### SUPPLIED RECORDS
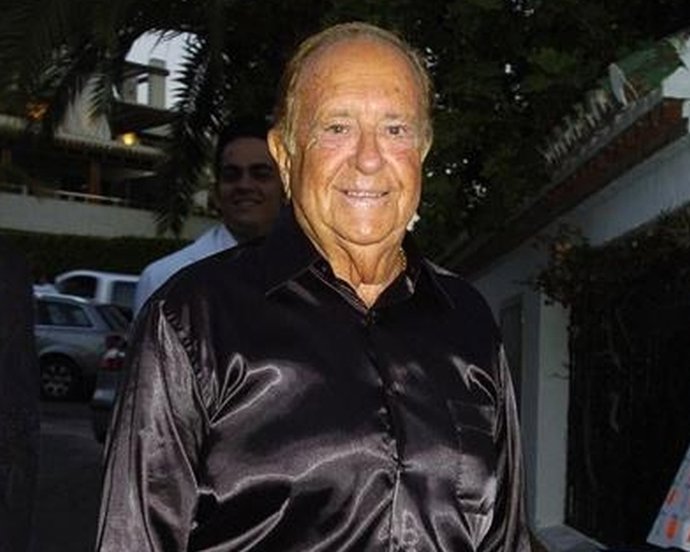 Uribarri continúa ingresado en estado grave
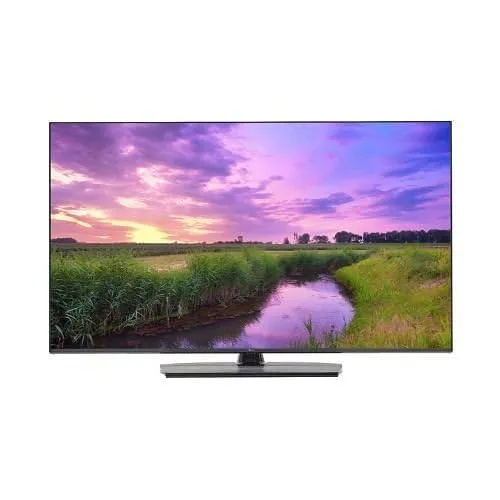 LG 55-Inch 4K UHD Hospitality TV - Commercial LITE with NO PRO:Idiom Technology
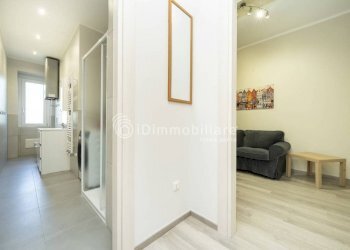 Disimpegno - Bilocale via Cesare Reduzzi, 11, Torino (zona Lingotto) - foto 8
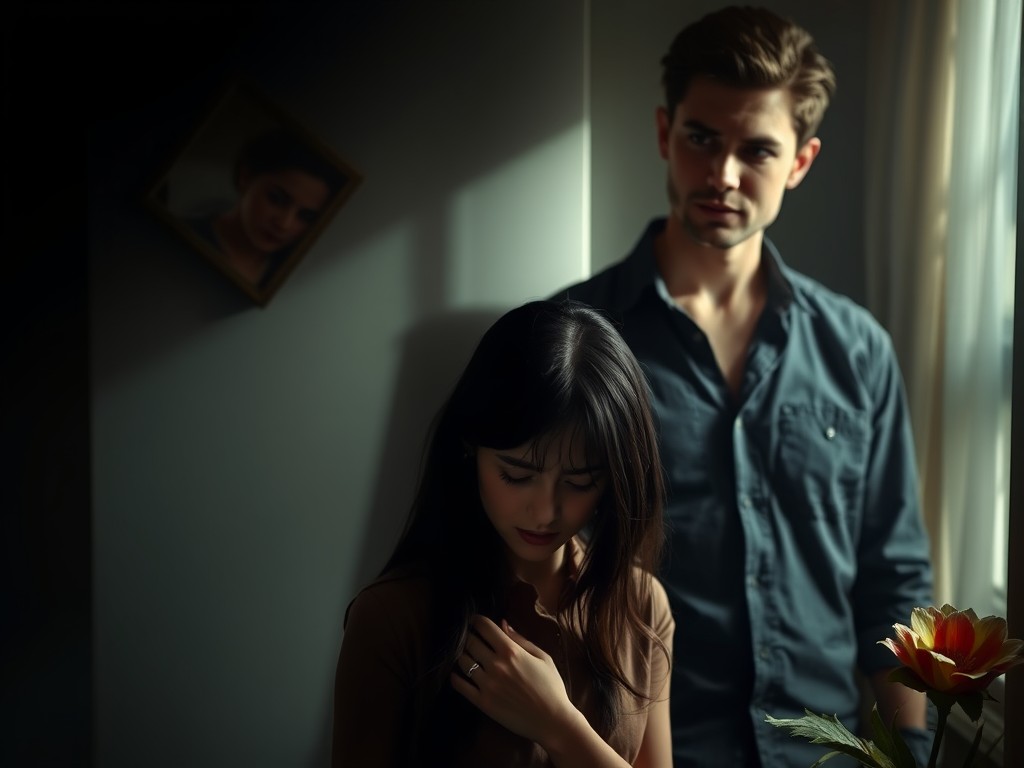 Betrayed by the One I Love, I Ended Up with His Younger Uncle Novel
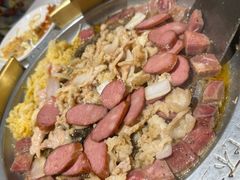 -石记东北风味烤肉店(子固路店)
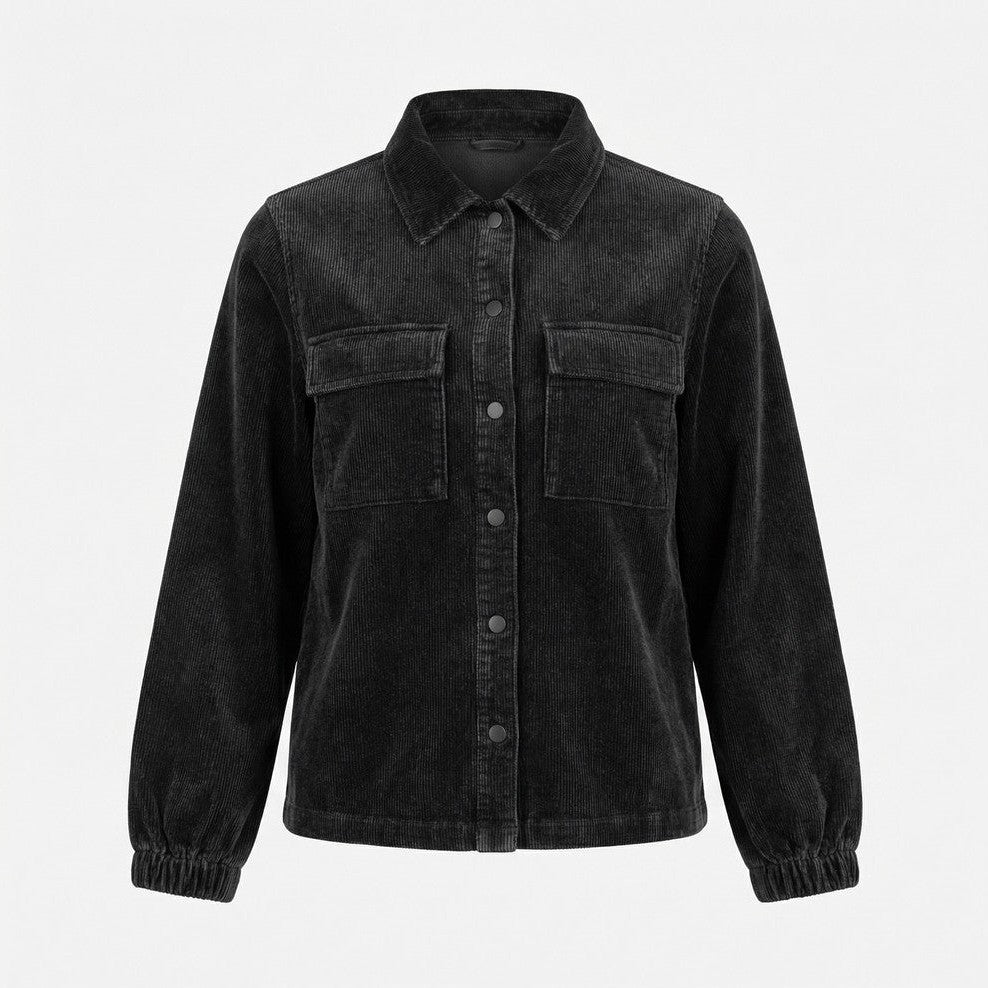 Pont Neuf PNMahin Jakker 9999 BLACK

### WHAT TO WORK ON
Print the data exactly, from its first line to the line containing "Betrayed by the", both included. Omit the pictures.

### ANSWER BOX
 Uribarri continúa ingresado en estado grave
 LG 55-Inch 4K UHD Hospitality TV - Commercial LITE with NO PRO:Idiom Technology
 Disimpegno - Bilocale via Cesare Reduzzi, 11, Torino (zona Lingotto) - foto 8
 Betrayed by the One I Love, I Ended Up with His Younger Uncle Novel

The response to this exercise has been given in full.